Memories of a preseason debut 17 years ago for Josh McCown

Memories of a preseason debut 17 years ago for Josh McCown

The Arizona Cardinals traveled to San Diego in August of 2002 for their preseason opener at Qualcomm Stadium.

Hall of Famer LaDainian Tomlinson was in that game. Heisman Trophy winner Doug Flutie was in that game. Current Eagles tight ends coach Justin Peelle was in that game.

And Josh McCown was in that game.

That was McCown’s first career preseason game, and he remembers it like it was yesterday.

I remember, shoot, Jake Plummer hit David Boston on a dig pump for like a 60-yard touchdown, and I remember sitting there thinking, ‘Man, this game is easy, you know?

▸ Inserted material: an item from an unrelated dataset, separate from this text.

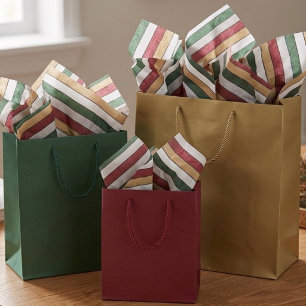 Christmas Gold Green Red Silver And White Stripes Tissue Paper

This is what we’re going to do,’” McCown said. “Then the third quarter rolls around and I get in the game and I just remember running around like a chicken with my head cut off trying to find the open guy and get some completions and finally settling in. But it’s a fun day. When you put that uniform on for the first time and you walk out there it’s special, and they turn the lights on and you take the field, it’s a special feeling. I’ll never forget that.

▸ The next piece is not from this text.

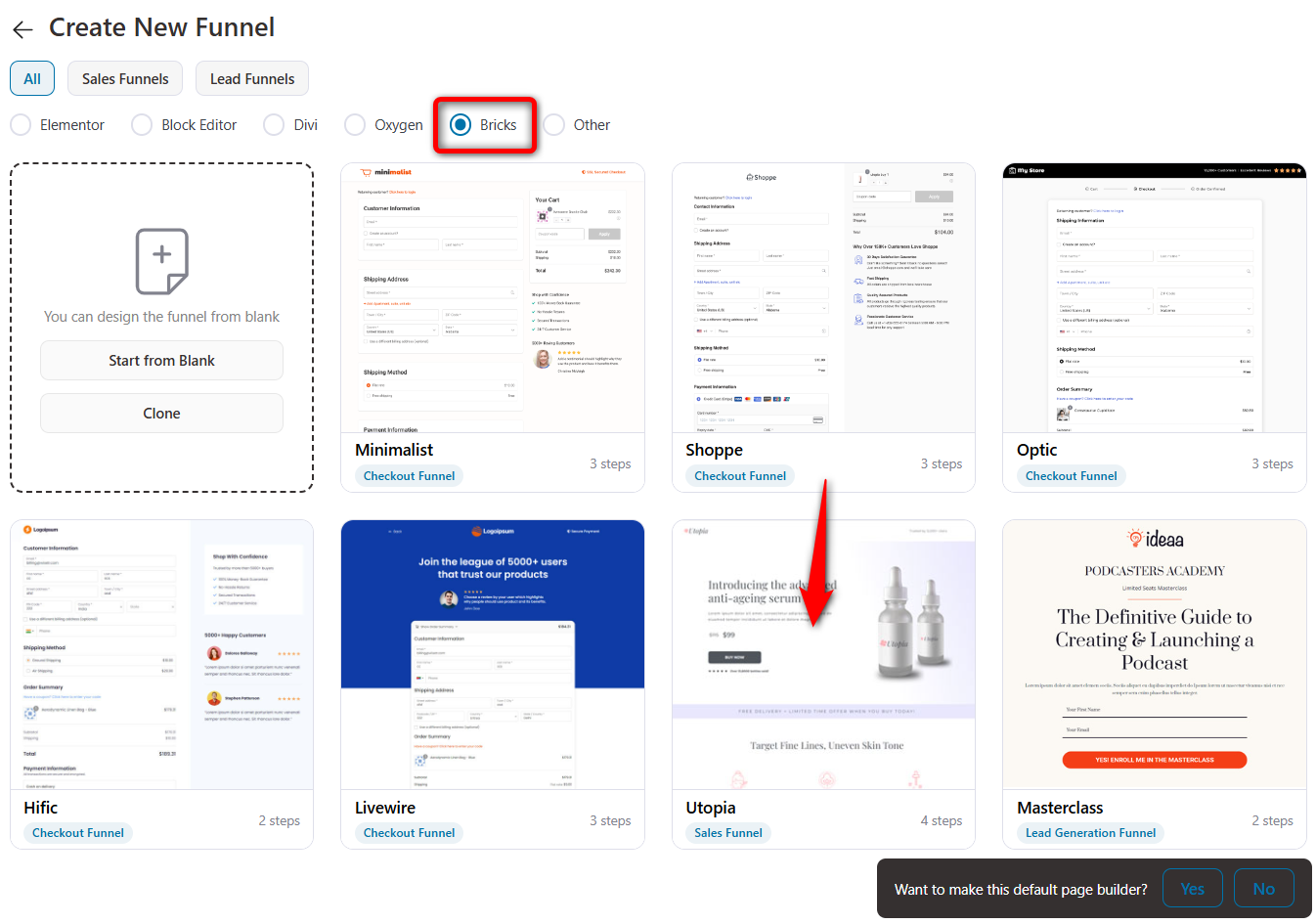 Select bricks builder and click on the sales funnel template you like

McCown’s memory is pretty darn good.

The TD from Plummer to Boston was actually 64 yards. That’s 17 years ago.

And when McCown entered the game he started out 0-for-5 with a sack before warming up and hitting six of his last seven passes. 

That was his first career preseason game, and the one against the Ravens last Thursday might wind up being his last. He probably won’t play against the Jets Thursday night in the preseason finale at MetLife Stadium, and at 40 years old and in his 18th pro season this could well wind up being his final NFL season.

McCown has played in 50 career preseason games, completing 310 of 517 passes for 3,088 yards, 13 touchdowns and 12 interceptions.

That’s like a full meaningless NFL season.

McCown, who missed virtually all of this year's training camp, has been around so long he’s a throwback to the old NFL two-a-day practices that have long since been outlawed.

The guys were asking (about two-a-days), what it was like,” McCown said. ‘Hey, practice twice a day, just like it sounds. I think obviously the rule changes for player safety are important, but there was a level of grind and toughness that came out of those days, so when you’re in the middle of that, you weren’t thinking about playing for 17 years, I promise you that. You were hoping to last the next 17 minutes. … I was just trying to make it through camp at that point. Back when camp was really camp. So to be here is a tremendous blessing, I’m very thankful.

The fourth preseason game is always the worst of the bunch. And they’re all pretty bad. 

McCown recalled the final preseason weekend of 2012 with the Bears, when they faced the Browns in Cleveland. 

With Jay Cutler and Jason Campbell not playing and Matt Blanchard just released, McCown had to play the entire game, throwing 29 passes. 

I had been in the league 10-plus years, I’m playing every snap of the fourth preseason game,” he said. “But there were guys trying to make the roster, so I was trying to give everybody their best chance. I got cut the next day.

Then there was last summer, when ironically he was with the Jets finishing the preseason against the Eagles at the Linc. 

He wasn’t scheduled to play, but …

We traded Teddy Bridgewater on the way to the game and I had to find some (cleats) and get myself ready to go,” he said. “But it’s an important night, and you understand that as a young player and going through the league because it’s a night of opportunity and you want to help those guys out.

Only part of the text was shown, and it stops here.